Below are several entries. Transcribe exactly those lines that fall from the one with "Airbus A330-300 (EI-EDY)" through the one with "EFL_78418_Mythos_Apartments_0619_05.jpg", end lines included.

◆ **Records for the exercise**
►
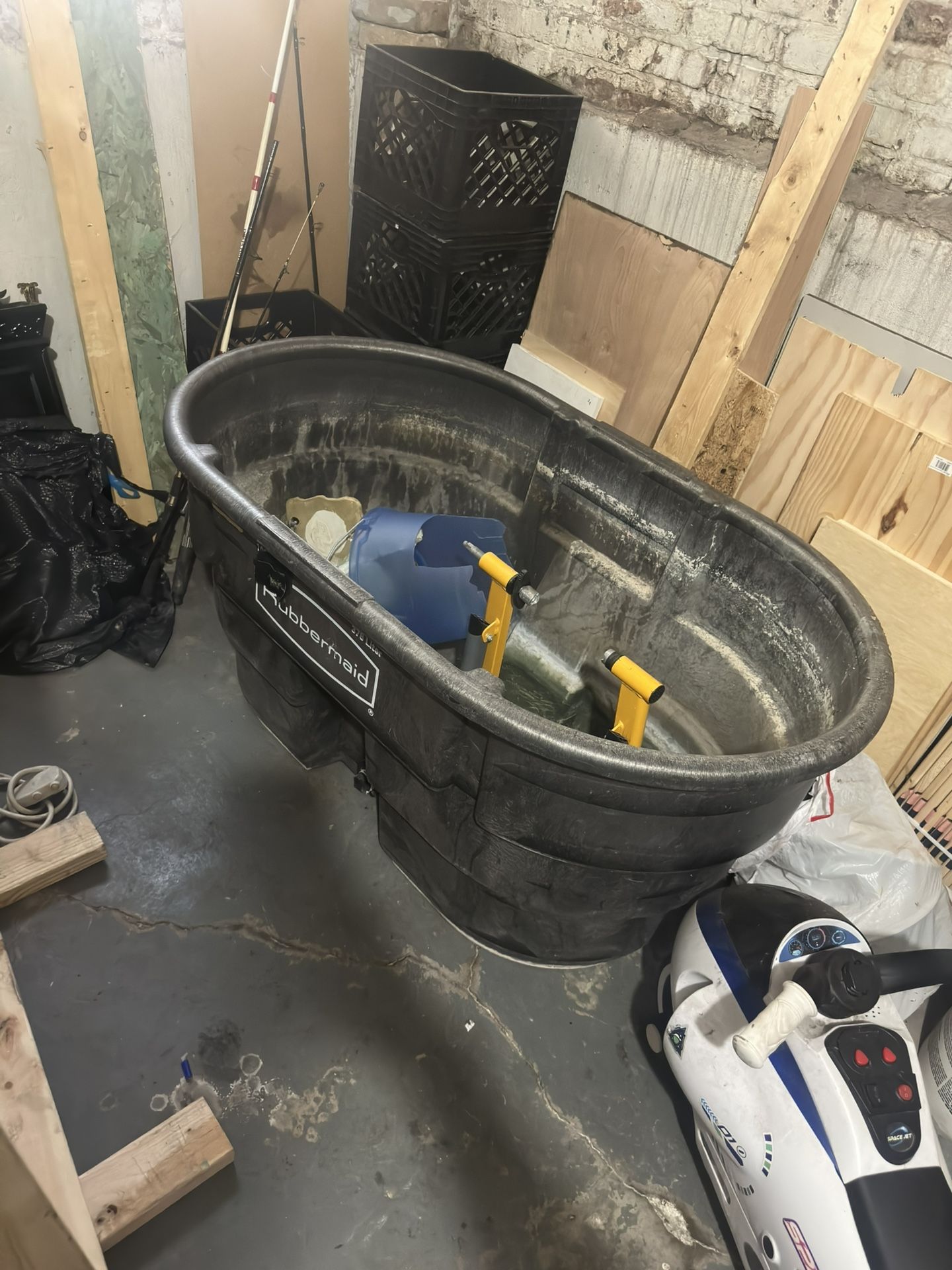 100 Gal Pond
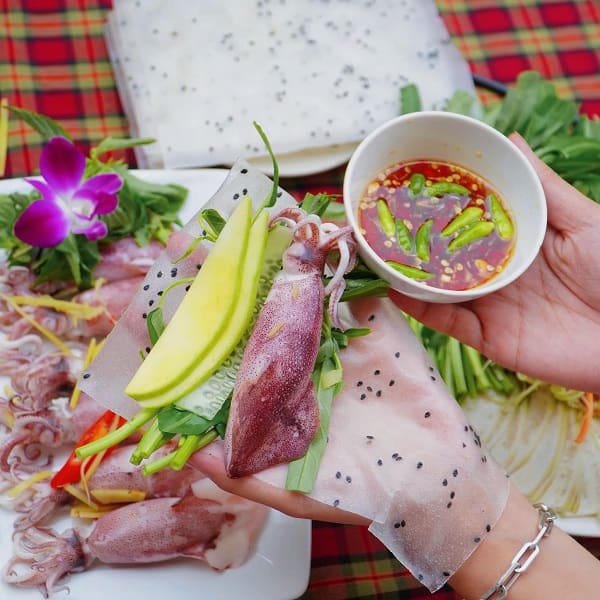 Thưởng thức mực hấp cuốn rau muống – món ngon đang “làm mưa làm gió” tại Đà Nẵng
◄
►
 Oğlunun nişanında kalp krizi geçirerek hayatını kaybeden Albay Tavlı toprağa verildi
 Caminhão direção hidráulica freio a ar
◄
►
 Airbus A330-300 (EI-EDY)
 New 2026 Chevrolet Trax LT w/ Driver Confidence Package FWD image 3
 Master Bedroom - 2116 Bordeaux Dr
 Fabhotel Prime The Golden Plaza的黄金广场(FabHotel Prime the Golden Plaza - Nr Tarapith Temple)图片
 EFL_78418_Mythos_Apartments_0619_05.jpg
◄
◆ **Written solution**
 Airbus A330-300 (EI-EDY)
 New 2026 Chevrolet Trax LT w/ Driver Confidence Package FWD image 3
 Master Bedroom - 2116 Bordeaux Dr
 Fabhotel Prime The Golden Plaza的黄金广场(FabHotel Prime the Golden Plaza - Nr Tarapith Temple)图片
 EFL_78418_Mythos_Apartments_0619_05.jpg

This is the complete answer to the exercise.